The Building Disputes Tribunal’s website says that: “the respondent cannot delay, avoid or avert the adjudication process and will be bound by the outcome, whether or not the respondent participates in the process.”

While there are some limited avenues of appeal to an adjudication, a company that has an award against it is required to pay the other party immediately and to argue about it later if it so chooses.

Arrow has recently completed the Rydges Hotel at Wellington International Airport. BusinessDesk understands that project was delivered on time and within budget.

BDO says the purpose of voluntary administration is to try to achieve a better outcome for creditors than what results from other formal processes.

“Construction sites will be closed temporarily while the administrators assess the position and engage with project principals to seek a solution.”

It says Arrow employs about 250 staff on projects around New Zealand whom the administrators will be meeting as a priority.

“Arrangements will be put in place should subcontractors wish to remove personal items from sites. The administrators have been advised that retention funds have been set aside in trust as required under the Construction Contracts Amendment Act 2015.”

The administrators will hold a meeting with creditors within eight working days in Auckland, Wellington and Christchurch and don’t intend to make further comment until after that, BDO says.

Today’s statement from the company says most of Arrow’s large projects have been completed or are near completion and that, wherever possible, the project teams will be retained to successfully complete the works.

The Stuff website reported that the subcontractors working on an Arrow construction site on the corner of Courtenay Place and Taranaki Street in Wellington were removing equipment from the site earlier today and that rumours about Arrow going into voluntary administration had been swirling for two days.

The construction industry has been awash with rumours about companies in financial difficulty ever since Fletcher Building’s problems with the construction of high-rise projects began to become public knowledge in mid-2017.

The collapses last year of Ebert and Orange-H, the part of the Hawkins business Australian purchaser Downer didn’t want, heightened awareness of how close to the wind many companies have been operating.

Fletcher lost the best part of $1 billion over 18 months while Orange-H’s liquidator is trying to untangle $453 million of related party loans to try to determine whether there will be any funds available to pay $93.8 million on unsecured claims from 249 tradespeople and suppliers.

Ebert’s receivers said last October that they expected most of the $33.8 million owed to tradespeople and subcontractors won’t be paid.

Arrow’s website says Anderson and partner Bob Foster started the business in Dunedin in 1984.

In today’s statement, the founders say that they “have been very fortunate to work on many significant building projects with great people, friends and work associates.
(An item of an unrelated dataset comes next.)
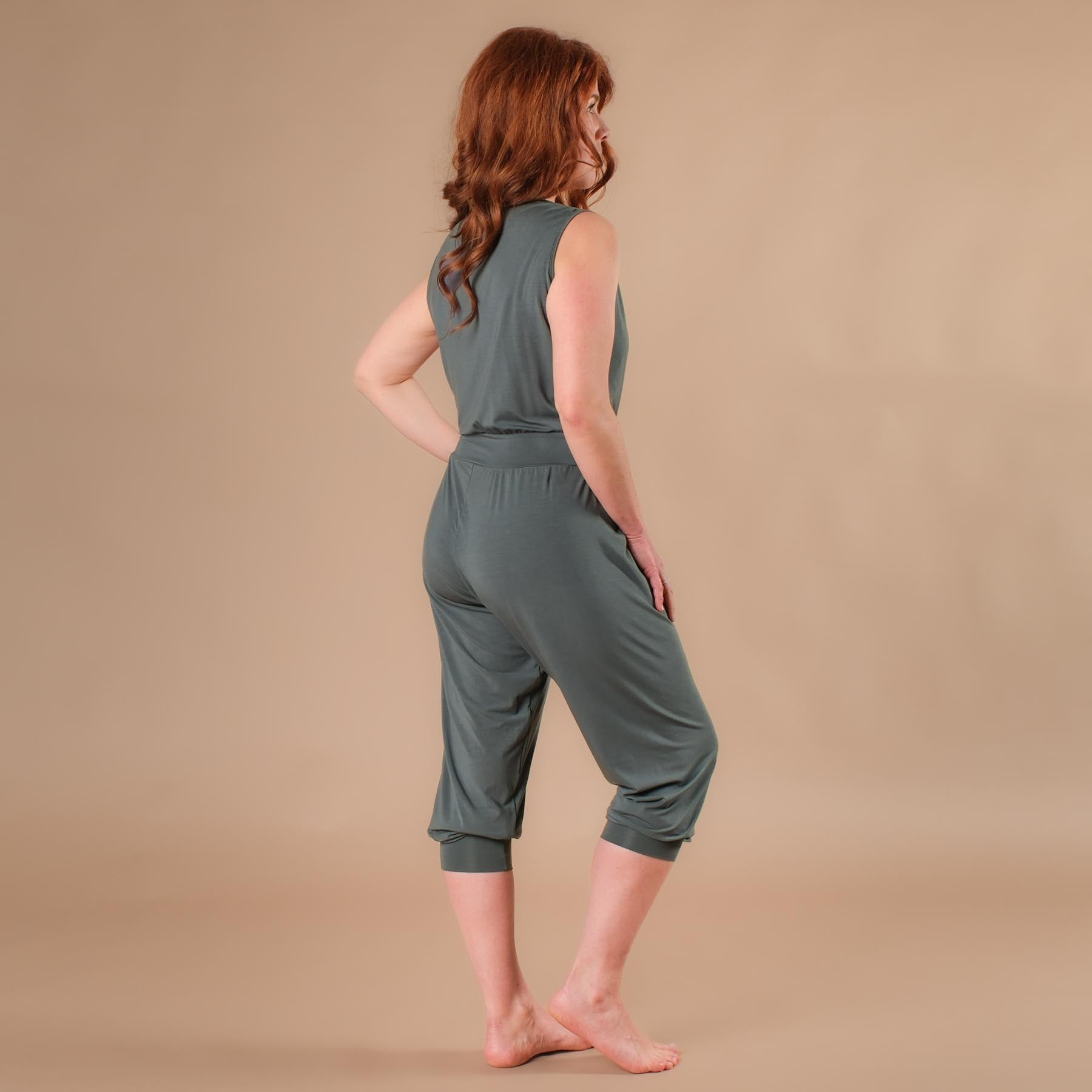 Yoga Jumpsuit in der Schweiz hergestellt smaragd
In recent times, the construction industry has become challenging and there is a disproportionate level of risk carried by contractors.”

Companies Office records of finance charges registered against Arrow include a number of motor vehicles as security and other secured parties including plumbers, electricians and building products suppliers. ANZ Bank is also a creditor with loans apparently maturing on Nov. 8 2020 and Nov. 9 2021.